* Problem:
The answer must be the full listing, word for word, with no pictures in it.

* Recorded information:
=== Begin Enclosure ===

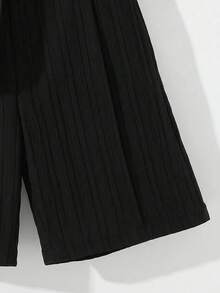 SHEIN 兒童青少年男孩休閒短袖V領上衣與短褲套裝 畢業禮服 度假舒適套裝 男孩穿搭套裝 舒適波希米亞街頭風 - 彩色 - 查看 5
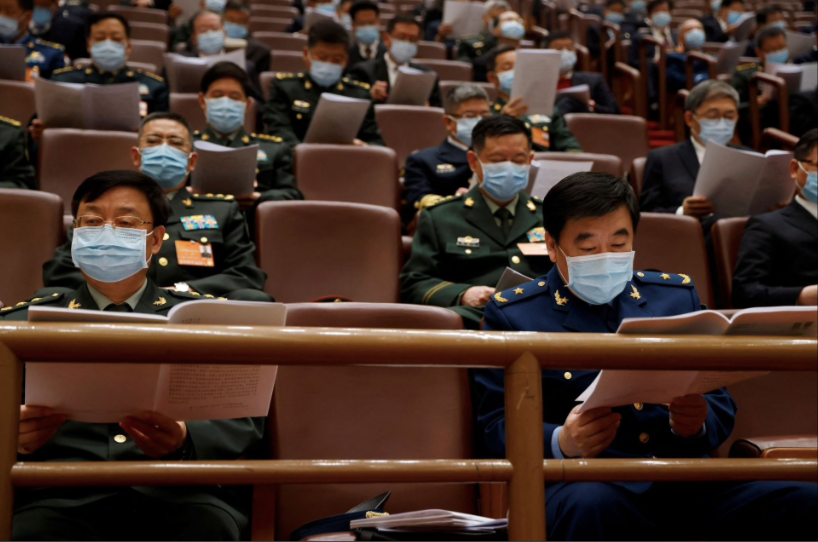 Các đại biểu quân đội Trung Quốc dự kỳ họp của quốc hội ngày 5/3. (Ảnh: Reuters) Các đại biểu quân đội Trung Quốc dự kỳ họp của quốc hội ngày 5/3. (Ảnh: Reuters)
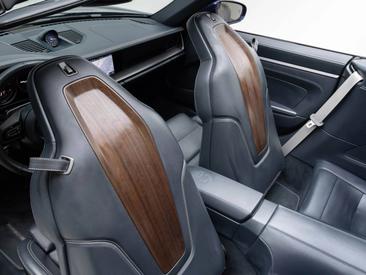 Porsche 992 I Carrera 4S Cabriolet — photo 30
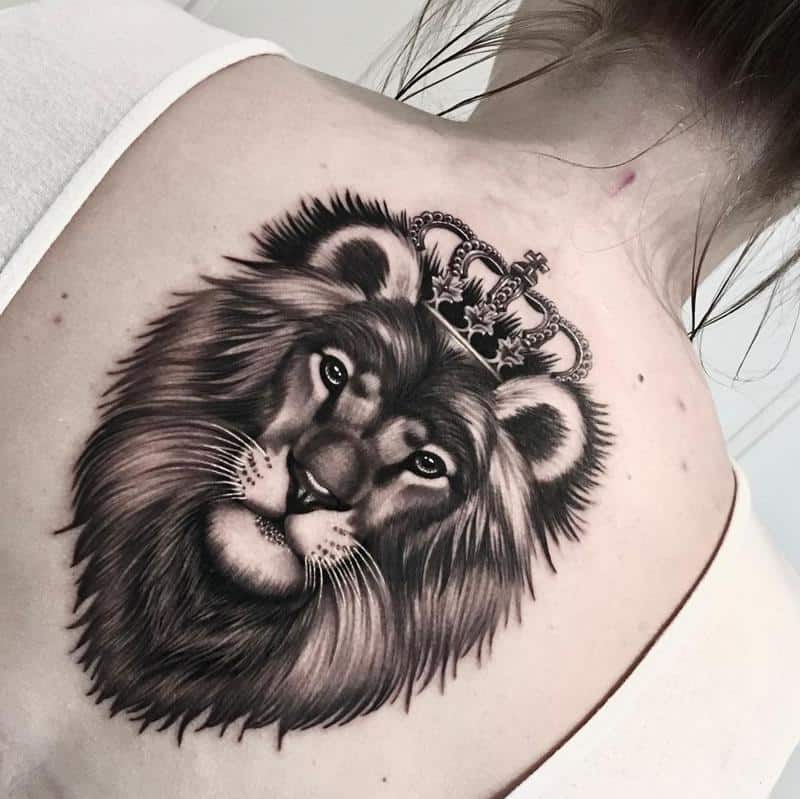 Tatuaje de cabeza de león con corona 3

=== End Enclosure ===

* Task output:
 SHEIN 兒童青少年男孩休閒短袖V領上衣與短褲套裝 畢業禮服 度假舒適套裝 男孩穿搭套裝 舒適波希米亞街頭風 - 彩色 - 查看 5
 Các đại biểu quân đội Trung Quốc dự kỳ họp của quốc hội ngày 5/3. (Ảnh: Reuters) Các đại biểu quân đội Trung Quốc dự kỳ họp của quốc hội ngày 5/3. (Ảnh: Reuters)
 Porsche 992 I Carrera 4S Cabriolet — photo 30
 Tatuaje de cabeza de león con corona 3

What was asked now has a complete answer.